Support Questions
Find answers, ask questions, and share your expertise
Announcements
Alert: Welcome to the Unified Cloudera Community. Former HCC members be sure to read and learn how to activate your account here.

How to save Mapreduce's Reducer output without Key,Value pair ?

Highlighted

How to save Mapreduce's Reducer output without Key,Value pair ?

New Contributor

I am writing a Mapreduce program to process Dicom images.

The purpose of this Mapreduce program is to process the dicom image, extract metadata from it, index to solr and finally in Reducer phase it should save the raw image in hdfs.

I want to save the same file in HDFS as a reducer output

So I have achieved most of the functionality, but in reducer phase when storing the same file in hdfs it is not working.

I have tested the processed Dicom file with a dicom image viewer and it says the file is curropted and also the size of processed dicom file is slightly increase. **Ex.** Original Dicom size is 628Kb and when reducer save this file in hdfs it size changes to 630Kb.

I have tried solution from these links but none of them give the expected results.

Here is the code for Reading Dicom file as a single file (without splitting it).

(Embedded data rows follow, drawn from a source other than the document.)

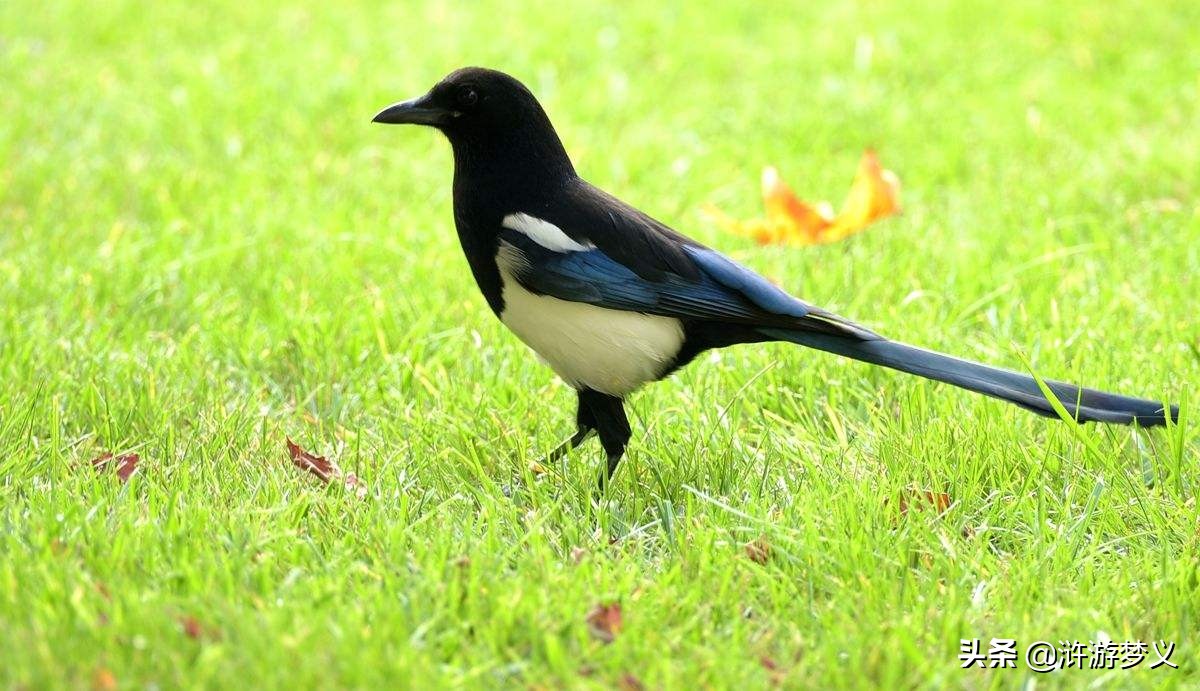 常见但是说不出名字的动物,六种不常见的鸟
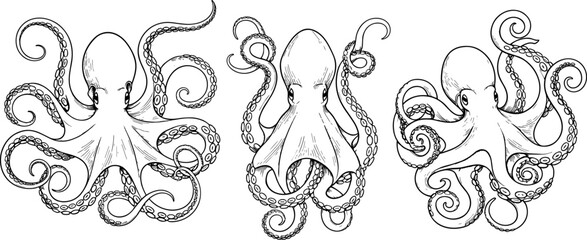 Three different detailed octopus line art illustrations with curled tentacles and textured skin for marine biology and seafood restaurant menus. © Shopna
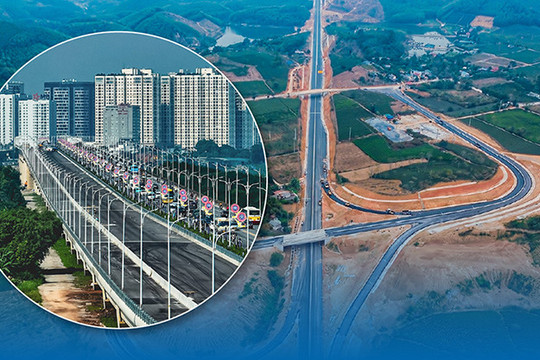 Những con số giật mình trong vụ án Tập đoàn Thuận An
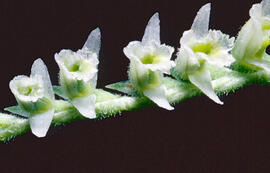 Orquídia de tardor ("Spiranthes spiralis")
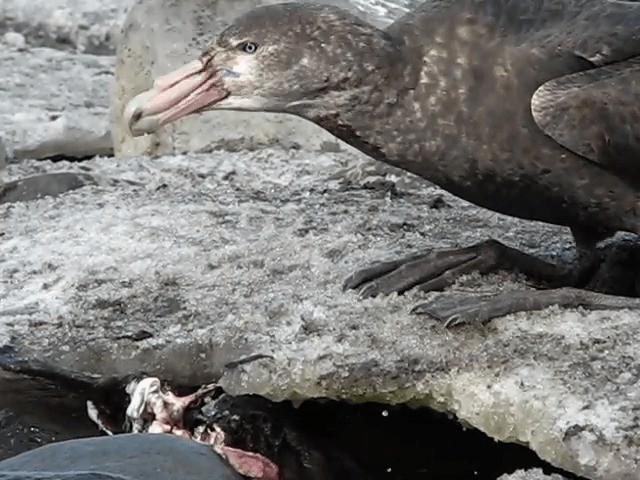 Southern Giant-Petrel - ML201706751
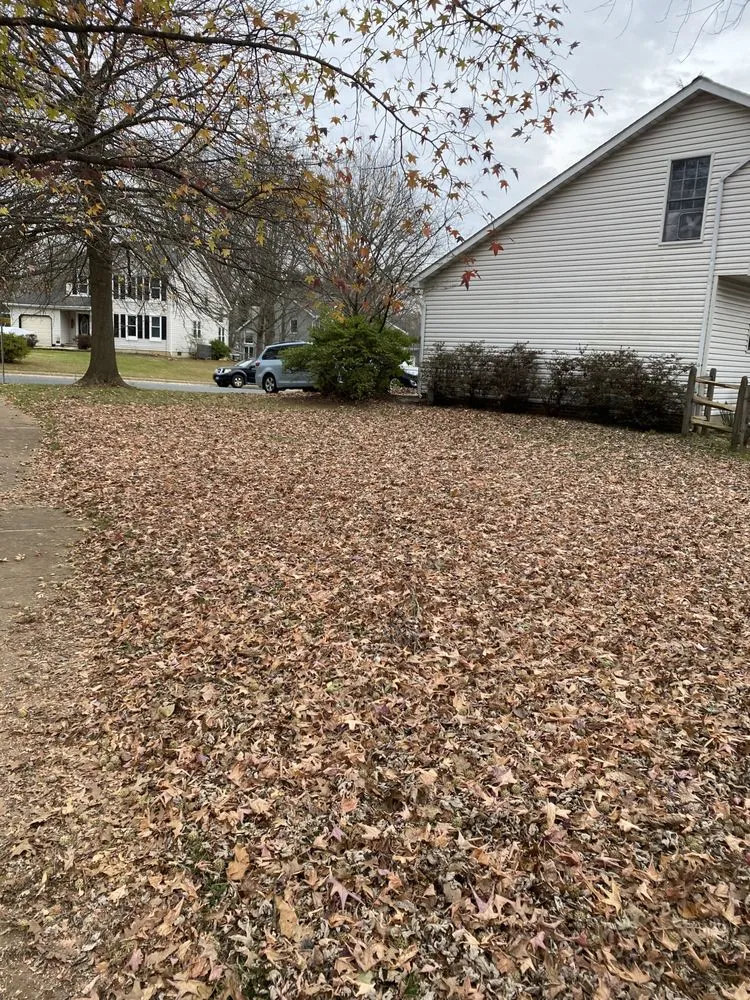 Reliable landscape design experts serving Bel Air, MD - Dans landscaping services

    public class WholeFileInputFormat extends FileInputFormat<NullWritable, BytesWritable>{     

        @Override
        protected boolean isSplitable(JobContext context, Path filename) {
            return false;
        }

        @Override
        public RecordReader<NullWritable, BytesWritable> createRecordReader(InputSplit split, TaskAttemptContext context)
                throws IOException, InterruptedException {
            WholeFileRecordReader reader = new WholeFileRecordReader();
            reader.initialize(split, context);
            return reader;
        }        
    }


Custom RecordReader


    public class WholeFileRecordReader extends RecordReader<NullWritable, BytesWritable>{
    
        private FileSplit fileSplit;
        private Configuration conf;
        private BytesWritable value = new BytesWritable();
        private boolean processed = false;
        
        @Override
        public void initialize(InputSplit split, TaskAttemptContext context) throws IOException, InterruptedException {        
            this.fileSplit = (FileSplit) split;
            this.conf = context.getConfiguration();        
        }
        
        @Override
        public boolean nextKeyValue() throws IOException, InterruptedException {
            if (!processed) {
                byte[] contents = new byte[(int) fileSplit.getLength()];
                System.out.println("Inside nextKeyvalue");
                System.out.println(fileSplit.getLength());
                Path file = fileSplit.getPath();
                FileSystem fs = file.getFileSystem(conf);
                FSDataInputStream in = null;
                try {
                    in = fs.open(file);
                    IOUtils.readFully(in, contents, 0, contents.length);
                    value.set(contents, 0, contents.length);
                } finally {
                    IOUtils.closeStream(in);
                }
                    processed = true;
                    return true;
                }
                return false;
        }
        
        @Override
        public void close() throws IOException {
            
        }
    
        @Override
        public NullWritable getCurrentKey() throws IOException, InterruptedException 
        {
            return NullWritable.get();
        }
    
        @Override
        public BytesWritable getCurrentValue() throws IOException, InterruptedException {
            return value;
        }
    
        @Override
        public float getProgress() throws IOException, InterruptedException {
            return processed ? 1.0f : 0.0f;
        }
        
    }


Mapper Class

The mapper class working perfectly as per our need.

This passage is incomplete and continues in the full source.